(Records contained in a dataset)
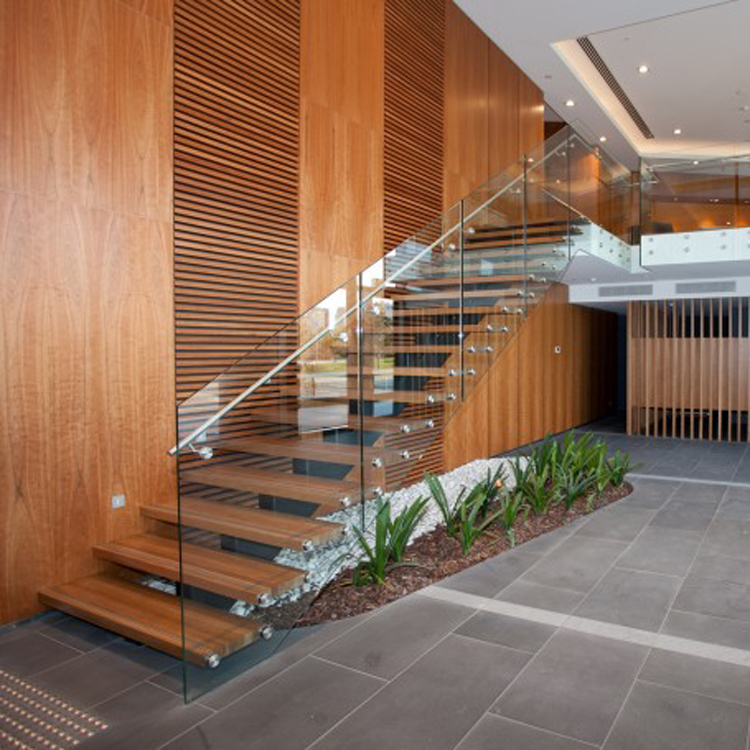 Glass balustrade wooden mono staircase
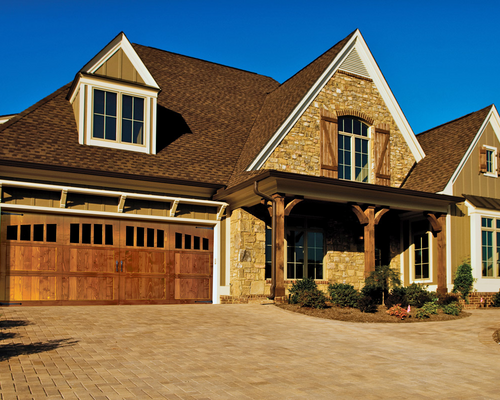 Large brick suburban house with a wooden garage door and gabled roof in warm sunlight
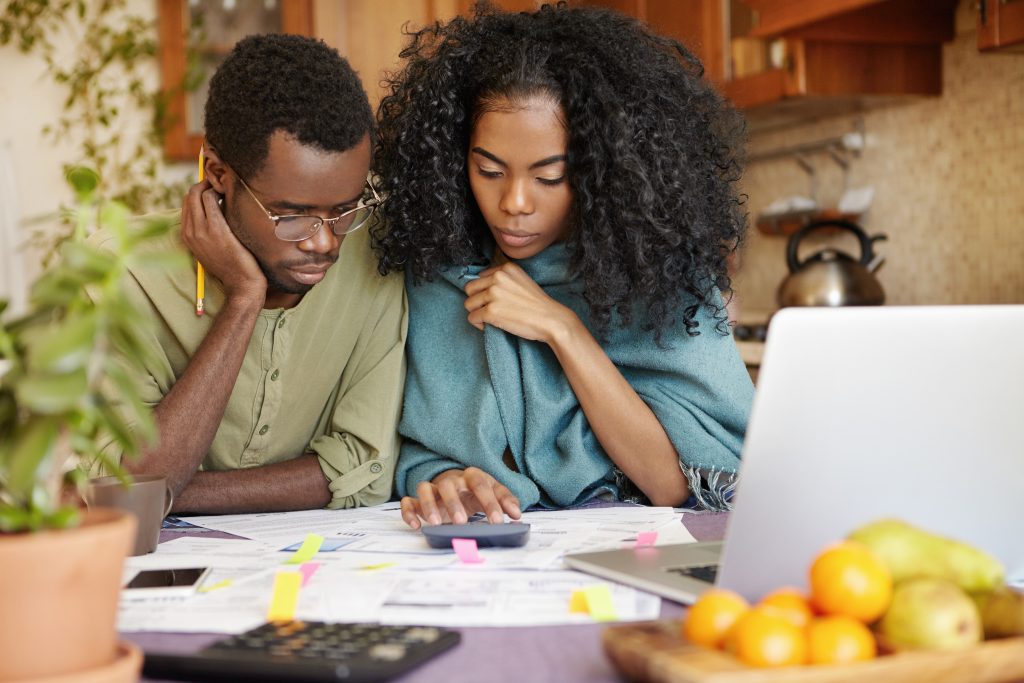 Unhappy and depressed young African-American couple calculating family budget, planning expenses, trying to make both ends meet, not able to pay off all their debts. Financial problem and economy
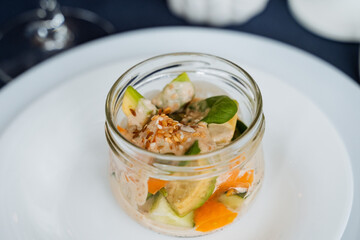 A jar that is filled to the brim with various vegetables and chunks of meat is placed carefully on...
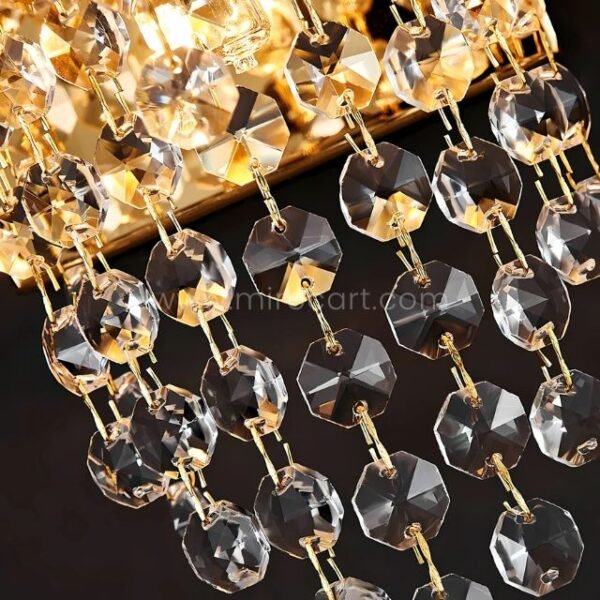 Sharp close-up of the Crystal Cascade Wall Light’s crystals and faceted gold hardware.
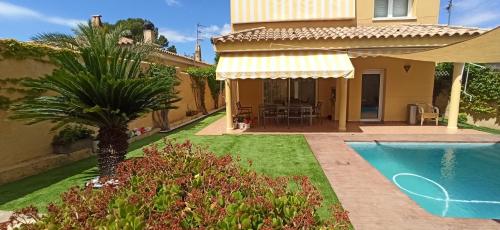 圣佩德罗-德里瓦斯Mi Casa的一座带游泳池和棕榈树的房子
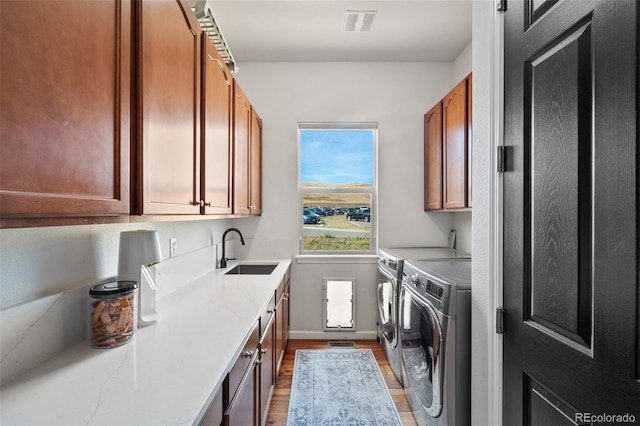 washroom featuring independent washer and dryer, hardwood / wood-style flooring, cabinets, and sink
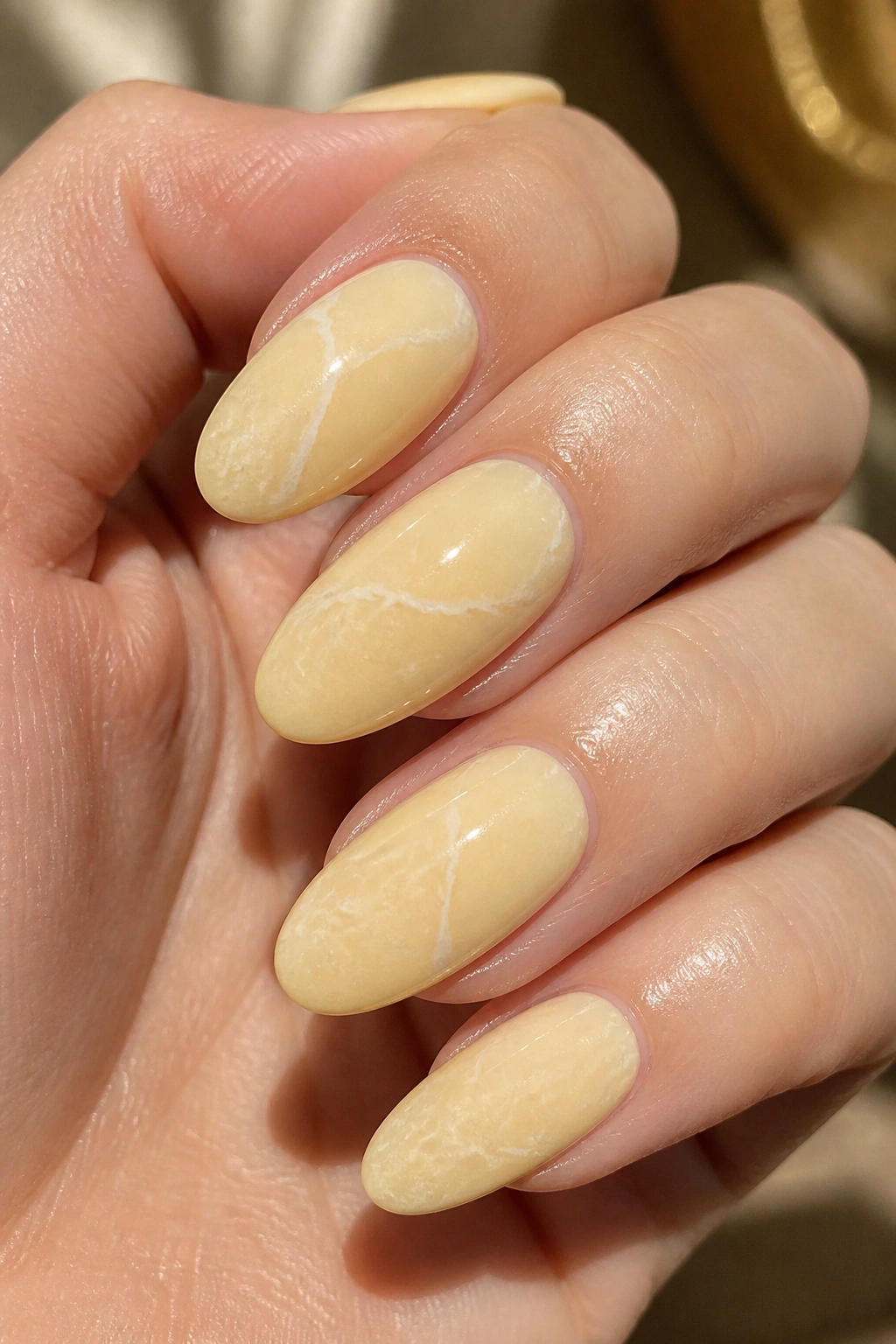 Almond nails with pale yellow base and thin white veins for a soft marble look.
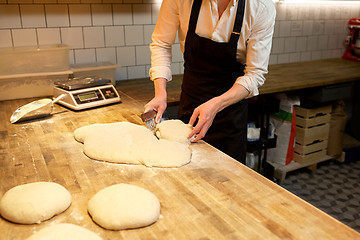 Image showing baker portioning dough with bench cutter at bakery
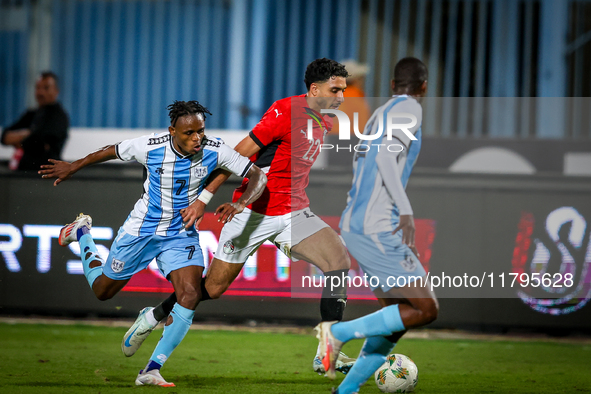 Omar Marmoush of the Egypt team battles for possession with Kabelo Seakanyeng of the Botswana team during the Africa Cup of Nations Qualifie...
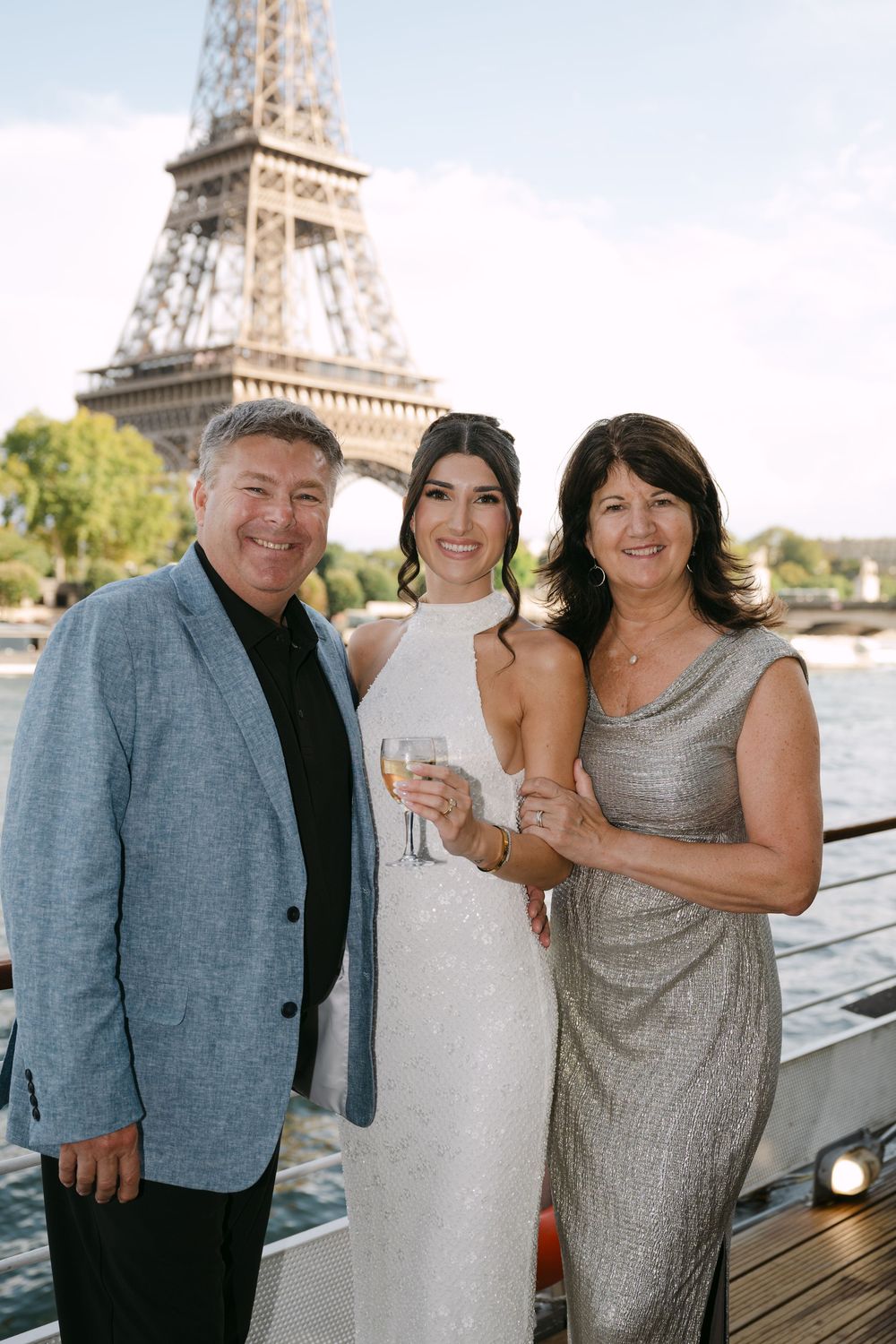 Guests pose on a terrace with the Eiffel Tower in the background during a celebration in Paris.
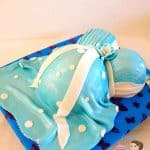 A cake decorated to look like a pregnant belly.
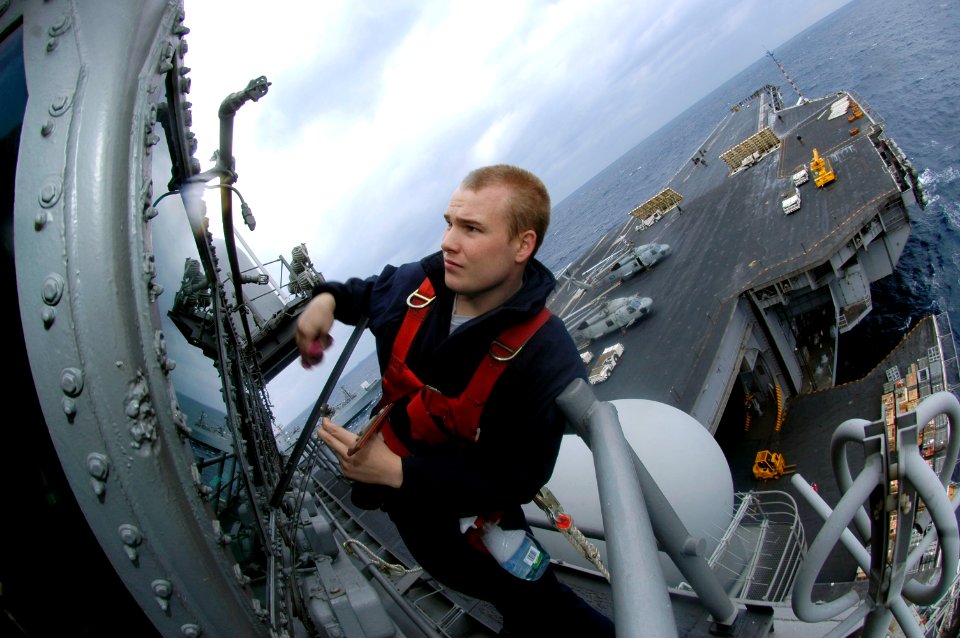 US Navy 051208-N-9389D-198 Quartermaster Seaman Edward Lennerville, cleans the viewing ports during a vertical replenishment (VERTREP) aboard the conventionally powered aircraft carrier USS Kitty Hawk's (CV 63)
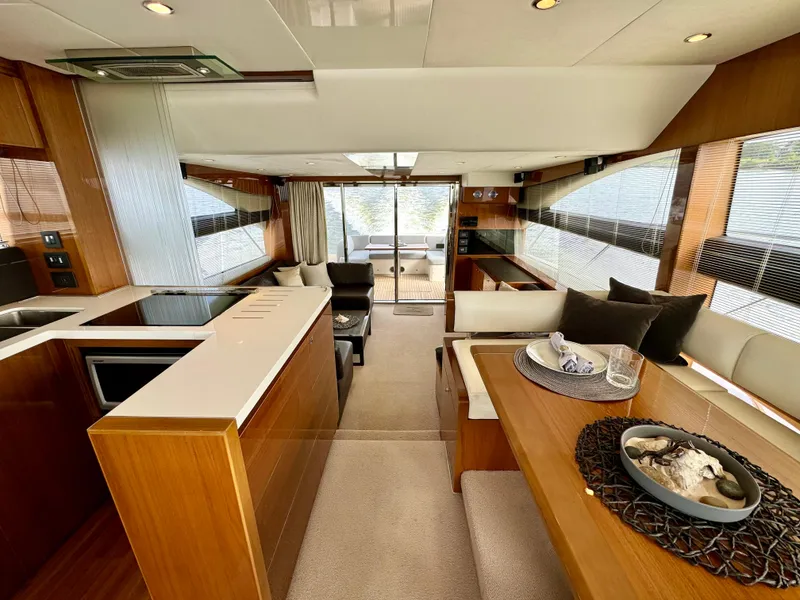 Slide: The Image of Luxurious interior of 2012 Princess Flybridge 60 Motor Yacht with modern kitchen and dining area. - 19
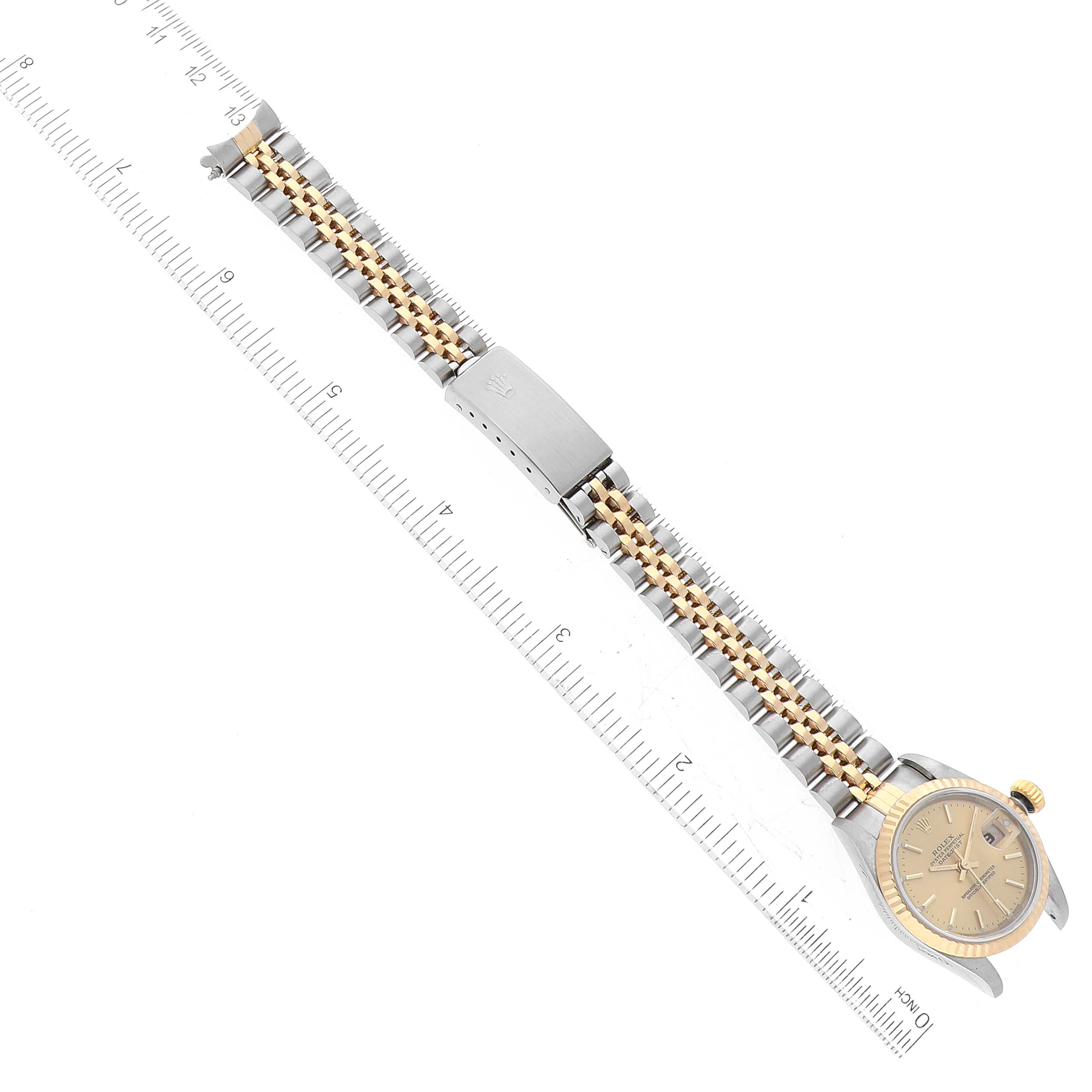This image shows a Rolex Datejust 79173 Women's Steel and Gold (two tone) Champagne Dial 79173 Women's Steel and Gold (two tone) Champagne Dial watch laid flat with a ruler for scale, highlighting the dial, crown, and full bracelet.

▶ [The problem]: Would you set down the records above once more, exactly, with the pictures removed?

▶ [Expected answer]:
 Glass balustrade wooden mono staircase
 Large brick suburban house with a wooden garage door and gabled roof in warm sunlight
 Unhappy and depressed young African-American couple calculating family budget, planning expenses, trying to make both ends meet, not able to pay off all their debts. Financial problem and economy
 A jar that is filled to the brim with various vegetables and chunks of meat is placed carefully on...
 Sharp close-up of the Crystal Cascade Wall Light’s crystals and faceted gold hardware.
 圣佩德罗-德里瓦斯Mi Casa的一座带游泳池和棕榈树的房子
 washroom featuring independent washer and dryer, hardwood / wood-style flooring, cabinets, and sink
 Almond nails with pale yellow base and thin white veins for a soft marble look.
 Image showing baker portioning dough with bench cutter at bakery
 Omar Marmoush of the Egypt team battles for possession with Kabelo Seakanyeng of the Botswana team during the Africa Cup of Nations Qualifie...
 Guests pose on a terrace with the Eiffel Tower in the background during a celebration in Paris.
 A cake decorated to look like a pregnant belly.
 US Navy 051208-N-9389D-198 Quartermaster Seaman Edward Lennerville, cleans the viewing ports during a vertical replenishment (VERTREP) aboard the conventionally powered aircraft carrier USS Kitty Hawk's (CV 63)
 Slide: The Image of Luxurious interior of 2012 Princess Flybridge 60 Motor Yacht with modern kitchen and dining area. - 19
This image shows a Rolex Datejust 79173 Women's Steel and Gold (two tone) Champagne Dial 79173 Women's Steel and Gold (two tone) Champagne Dial watch laid flat with a ruler for scale, highlighting the dial, crown, and full bracelet.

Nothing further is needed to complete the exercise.